James Lee Burke and Dave Robicheaux, Michael Dibdin and Aurelio Zen, and the third foreign writer that he chooses is Henning Mankell and Kurt Wallander, of whom he writes "......Wallander's plots keep you involved until the end [except The Dogs of Riga in which his raid of the Latvian police archives is frankly ludicrous]."

This last quote is from the 82 word last sentence of the book, and seemed to me to be a strange way of ending a useful guide. The Dogs of Riga is one of two of Henning Mankell's Wallander novels that I have not read.
Previously Michael O'Byrne had named his four favourite writers with British based investigators, Ian Rankin, Val McDermid, P.D. James and Peter Robinson. 

Do you mind if the author gets it wrong?
Not seriously wrong [e.g light as a feather 3 kg firearms] but wrong enough for a police officer or a crime aficionado looking up a guide to notice that it is wrong. Aren't plot and character more important than that sort of detail? Of course meticulous research adds to a story but can you still enjoy a book even if you know details of police procedure are far fetched and you have to take some things with a pinch of salt. Would a police officer actually keep his job if he was described thus:

"He is a violent and recovering alcoholic, spends significant parts of books being suspended or under threat of arrest and has as his best friend a homicidal maniac."

That description could indeed cover more than one detective in crime fiction, and perhaps a few politicians,  as well as Dave Robicheaux. 
Michael O'Byrne is not the only one more comfortable reading crime fiction based abroad as is obvious from today's Amazon UK crime fiction best seller lists with Lee Child at number one and the Lisbeth Salander series of Stieg Larsson, translated by Reg Keeland, sitting at numbers three and five. 

The photo is not of some prison camp in the Third World but of the entrance to our allotments. 

5 Comments:

Blogger Dorte H said...

Do you mind if the author gets it wrong?
As you say, it really depends on what & how many mistakes per 100 pages.
Recently I reviewed a Danish debut. A body was found in a container (one of these huge, green things). The police and all their acolytes checked the container, but without noticing that there was another lid on the back so a young boy stole some evidence right under their noses.
And the rest of the book wasn´t much better.

9:26 AM  
Anonymous Anonymous said...

What bought about that last paragraph, Norman? It made me smile, perhaps that's it.

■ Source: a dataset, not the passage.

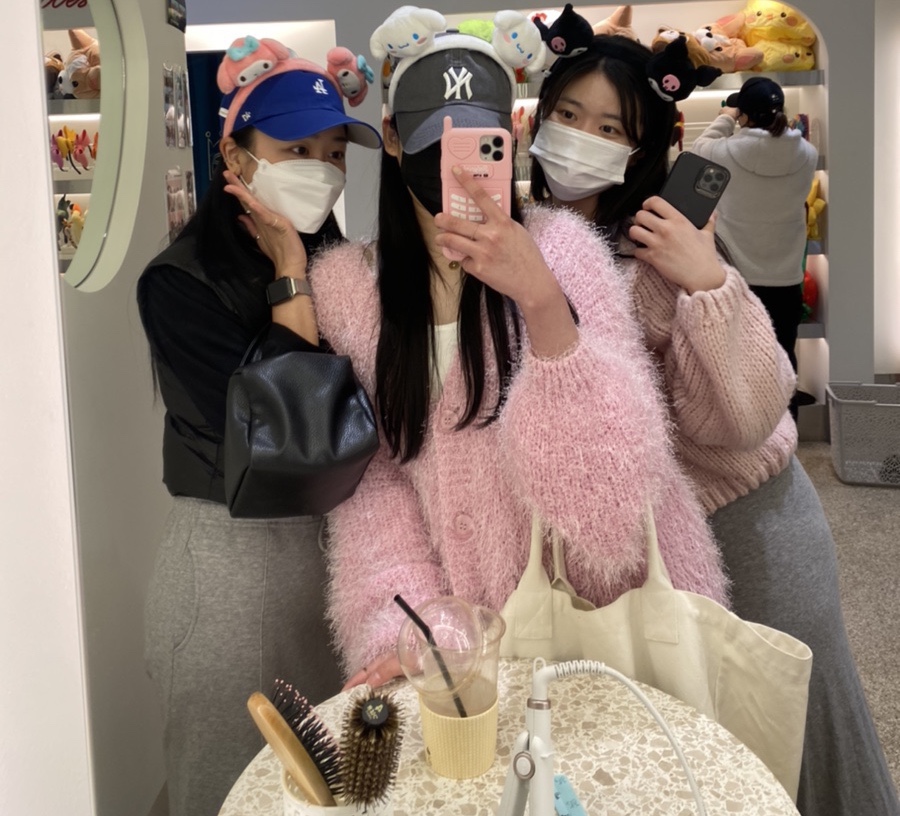 나 불러떠 이미지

In Sophie Hannah's latest book, The Other Half Loves (or Lives?) the two main characters are only police constable rank, but they are allowed to go off investigating willy nilly wherever they like, against the direct orders of their boss (eg one character is told to go and collect information from some other city, and he just doesn't go), not once but time and time again. How could this happen? However well-disposed the reader, one simply keeps asking this question in one's mind, and it is impossible to believe in the story (for this reason if for no other).

9:44 AM  
Blogger Peter Rozovsky said...

And The Dogs of Riga is probably my favorite Kurt Wallander novel.

Dorte, are containers the new Satanism in Scandinavian crime fiction? A body turns up in a container -- well, a storage shed, anyhow -- in Jo Nesbø's The Redeemer.
==============
Detectives Beyond Borders
"Because Murder Is More Fun Away From Home"
http://www.detectivesbeyondborders.blogspot.com/

12:56 PM  
Blogger Dorte H said...

Yes, Peter, I think so.

And after all, if you were cruel enough to kill a child, why not dump it among the garbage.

And the sound of it: shmatorg
- says Norman´s blog.

3:36 AM  
Blogger Uriah Robinson said...

Stockholm's container port full of bodies of Eastern Europeans also features in Liza Marklund's Paradise. Scandinavia like Sicily seems to be on the front line of a surrounded embattled old Europe.